[WHAT THE TASK REQUIRES]: Your answer should be the full data, transcribed exactly, with no pictures in it.

[RAW DATA]:
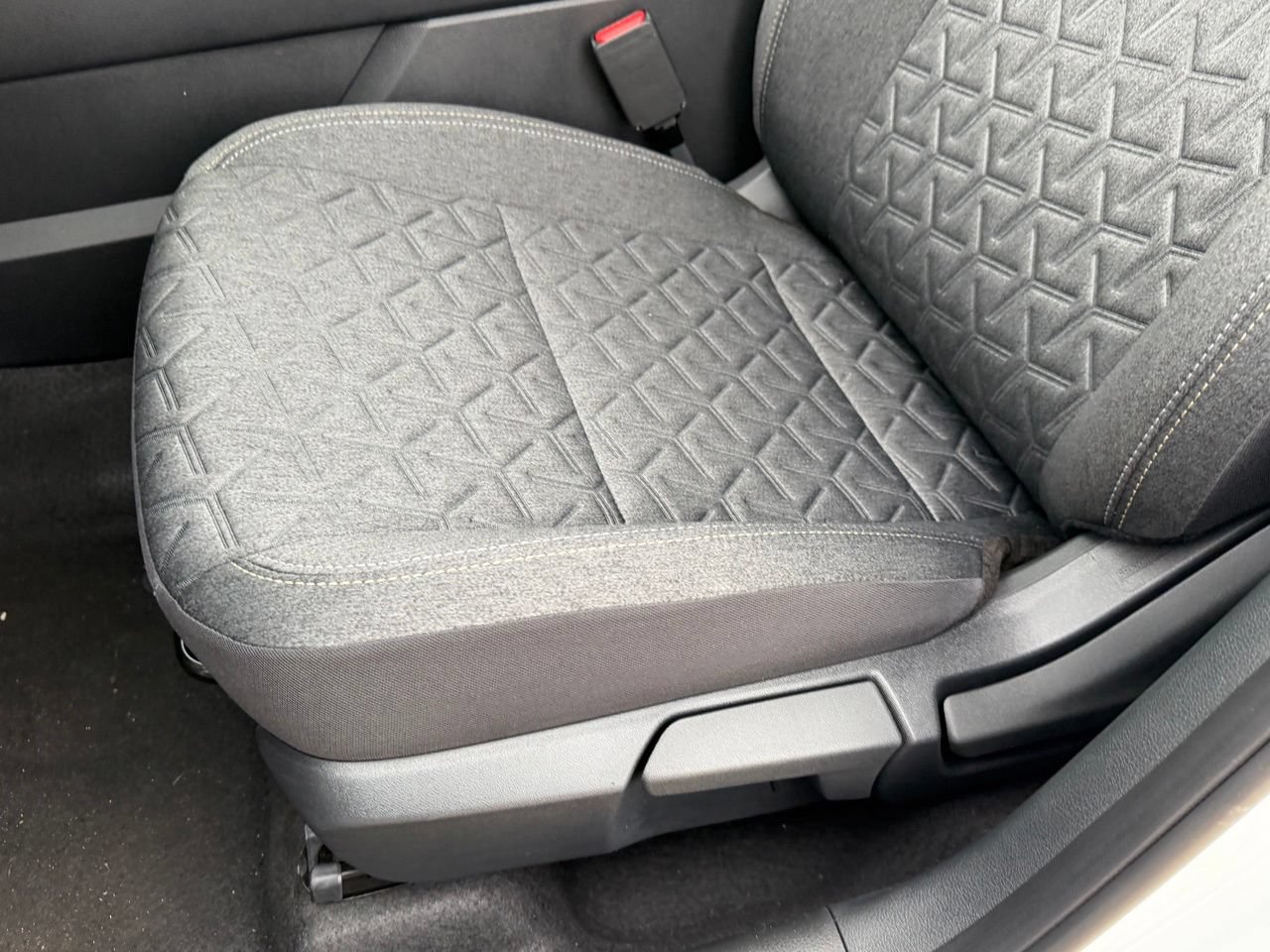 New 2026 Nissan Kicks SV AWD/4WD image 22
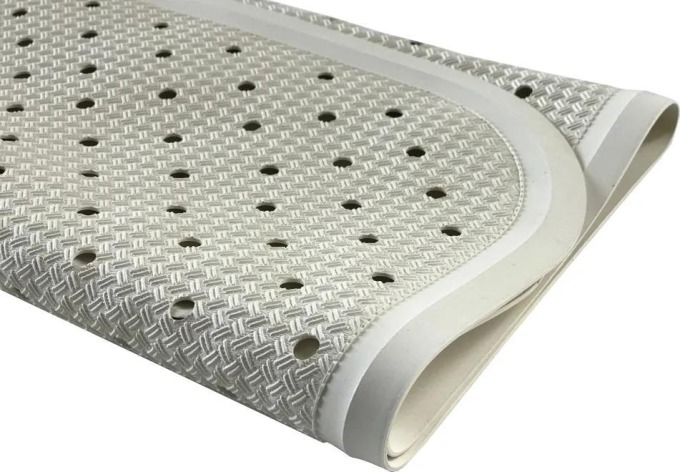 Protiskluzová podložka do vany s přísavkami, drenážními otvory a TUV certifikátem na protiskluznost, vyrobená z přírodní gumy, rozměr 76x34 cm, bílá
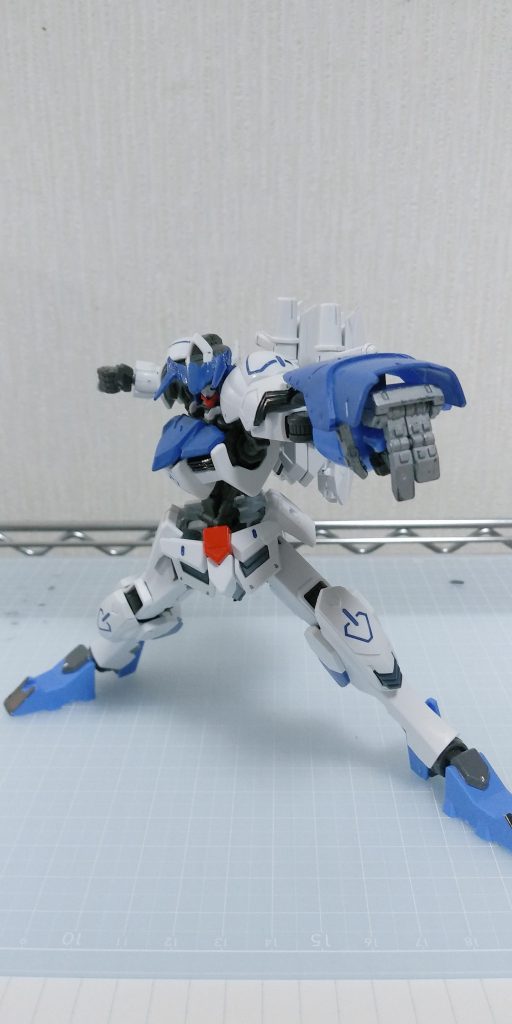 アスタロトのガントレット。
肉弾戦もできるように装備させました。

[RESULT OF THE TASK]:
 New 2026 Nissan Kicks SV AWD/4WD image 22
 Protiskluzová podložka do vany s přísavkami, drenážními otvory a TUV certifikátem na protiskluznost, vyrobená z přírodní gumy, rozměr 76x34 cm, bílá
 アスタロトのガントレット。
肉弾戦もできるように装備させました。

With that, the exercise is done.